The growth in business reflects an increase in global trade, especially from the manufacturing centres of Asia to north America and Europe. Until the 1980s, traffic on the canal was basically north American. Now, more than 40 per cent of cargoes are goods from Asian manufacturing centres, Japan, South Korea, Taiwan and increasingly China to the east coast of north America and Europe.
China’s accession to the World Trade Organisation in 2003 was a particularly important trigger for new business. “You can see the influence of China over the past seven years. It is almost mind boggling how it has evolved,” says Jorge Quijano, the director of the expansion programme at the authority. Asia’s rise has also changed the nature of the cargoes. The container trade accounts for about 52 per cent of the traffic compared to less than 25 per cent in 2000. Indeed, since 1995, the average number of container ships using the canal each year has nearly trebled.
Planned toll increases averaging 3.5 per cent per year for the next 20 years is providing most of the money for the expansion. In addition, the authority will begin an international borrowing programme designed to raise up to $2.3bn on the international financial markets from 2009. Recent improvements in Panama’s sovereign credit ratings make it likely that these issues will attract an investment grade reducing the cost of funding, according to analysts at the London-based Economist Intelligence Unit.
Officials at the authority also insist that the process by which contracts are being awarded will be transparent. Although the award this month of the first “dry excavation” contract to Constructoras Urbanas,a local company with which Alberto Alemán, the authority’s administrator, has been connected, sparked critical local press coverage. However, officials at the authority says Mr Alemán sold his shares in Constructoras when he assumed his job at the authority precisely to avoid any conflict.

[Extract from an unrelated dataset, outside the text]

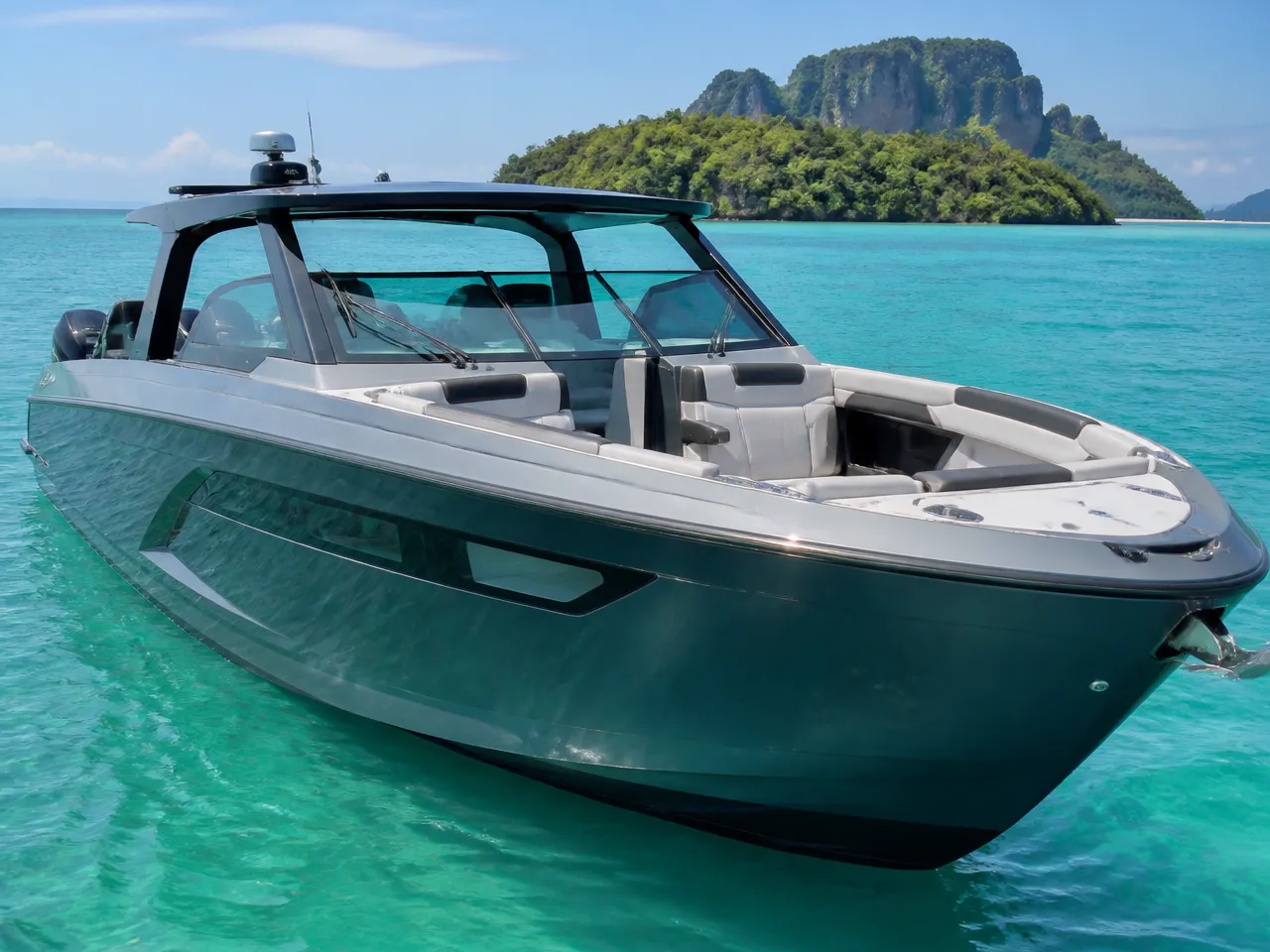 Custom Twin Engines 2×250 hp, 39 ft — 전면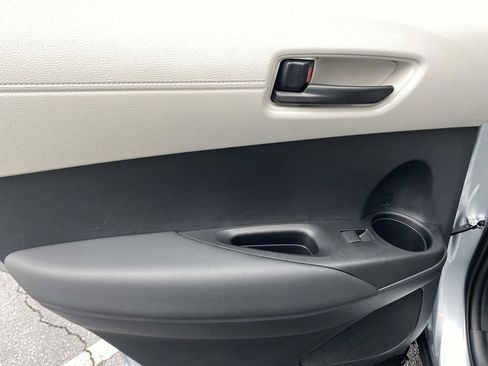 New 2026 Toyota Corolla Cross L image 18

“You have to be transparent. We didn’t have a choice,” says Mr Kuzniecky. The Constructoras bid, he says, was lower – by almost 50 per cent – than the highest of 10 rival bids. Mr Kuzniecky says Constructoras has benefited through its knowledge of the local market and the fact that it will not need to bring construction equipment into the country. “The rival bidders did not know the local market. The local company knew exactly what its costs were and wanted to win for the prestige.”